◆ **TASK REQUIREMENTS**:
No pictures go into the copy. Write out exactly the lines below from the one containing "3201.05.0013-C Selcom Elevator" through the one containing "The Beach Apartment".

◆ **STORED DATA**:
_ _ _
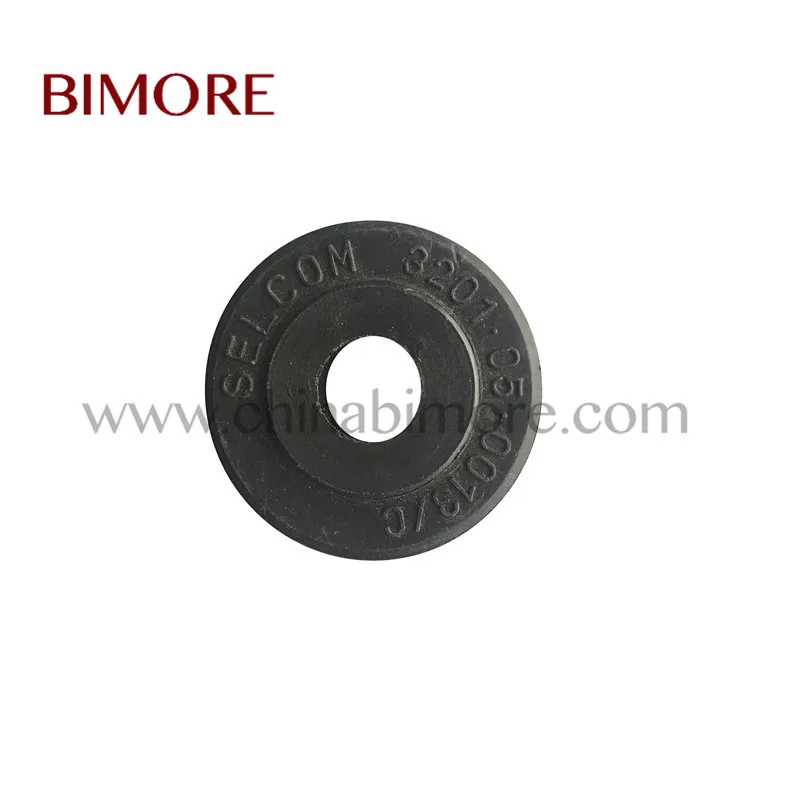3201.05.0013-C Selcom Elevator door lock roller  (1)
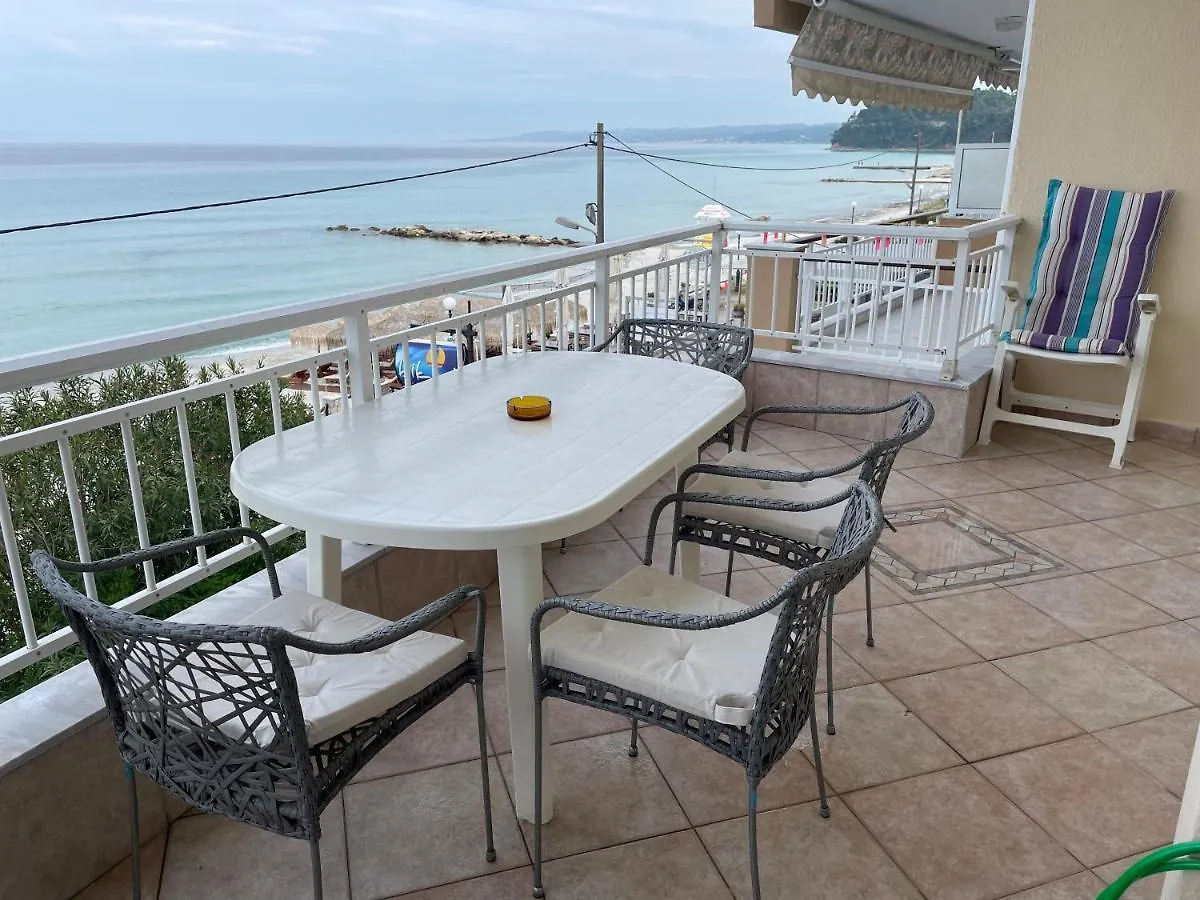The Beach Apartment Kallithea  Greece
_ _ _
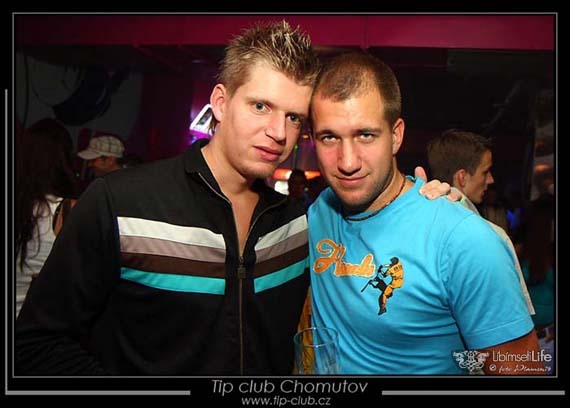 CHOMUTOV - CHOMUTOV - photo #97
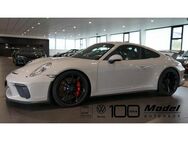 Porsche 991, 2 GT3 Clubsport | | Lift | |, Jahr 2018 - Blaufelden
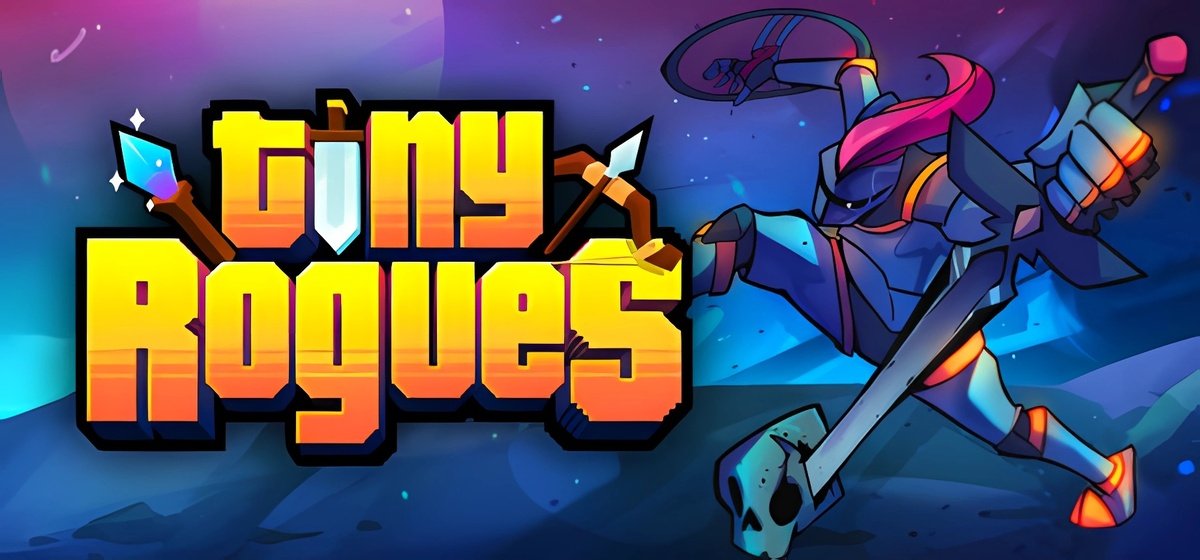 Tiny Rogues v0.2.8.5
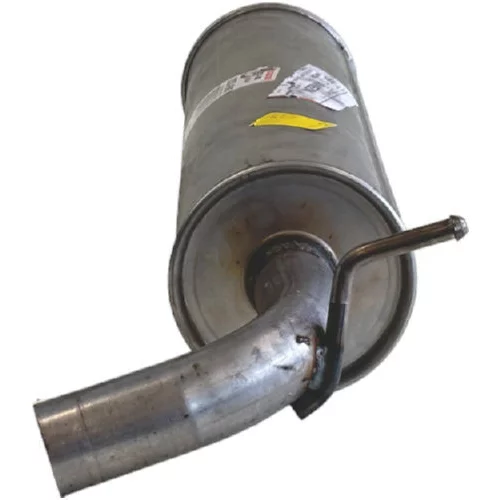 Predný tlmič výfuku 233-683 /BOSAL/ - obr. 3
_ _ _
◆ **SOLVED EXERCISE**:
3201.05.0013-C Selcom Elevator door lock roller  (1)
The Beach Apartment Kallithea  Greece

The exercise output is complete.